Some guys I'd been involved with even tangentially over the years (i.e., had crushes on or vice versa all the way to verging-on-to finally-becoming boyfriend) had much darker taste, such that when a tape came out of that it involved inscrutable alt-rock tunes that had no meaning other than the fact that we'd heard the song together once and it was SERIOUSLY RAD, or he thought I got his nihilistic view of the world even if I didn't share it and that was cool so he slapped some 8-minute prog mess on there. I got a Metallica mix once, which, if not warm and fuzzy, I have to admit was kind of hardcore, in a good way.
But this was a very different relationship, and this cd was different. It was sweet and thoughtful and a little sexy even (really, hi, to see us you'd never guess, but anyway it was like that sometimes, actually a lot of the time then, hahaha, anyway, I'm totally blushing right now.) It was produced with a billion times more care than your average thing of any kind because that is how he produced things, dear little earnest man. He was a musician and music is very closely woven through my day-to-day, and so it was through ours. He is still (aggravatingly) responsible for the five or so sweetest material things anyone has ever done for me, and this was like number three maybe.
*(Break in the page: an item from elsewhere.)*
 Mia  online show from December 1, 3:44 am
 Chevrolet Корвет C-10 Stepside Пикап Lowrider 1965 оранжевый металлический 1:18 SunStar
I listened to the cd in my car and I actually SQUEEE'd out loud, and said, "Oh, I love you too" although he was not there, because I am a dork. And I also cried. I am so not a "squee'er", especially not all in caps, although I am indeed a crier. I was touched and relieved and all kinds of things, I mean, I knew that this person loved me a really lot but here was some kind of tangible evidence. IN SONG. How awesome was that?
When you feel about music like I feel about music, as an emotional marker and cultural indicator and just, well, it's hard to explain, it was just very awesome.
He put a song on the cd called "Someone" by the Rembrandts (yes, the band responsible for the Friends theme song. Have to pay the bills somehow. Not all of us have a trust fund...except their kids now, probably.) I had never heard it before, which was typical. Champion of underdogs and the underappreciated that he was, he had a habit of finding the one song by the band that no one else liked (and in some cases believed to be incredibly lame) as proof that they were, in fact, genius and although on many occasions I thought he was so, so sadly wrong in this case I have to admit that it kind of worked for me.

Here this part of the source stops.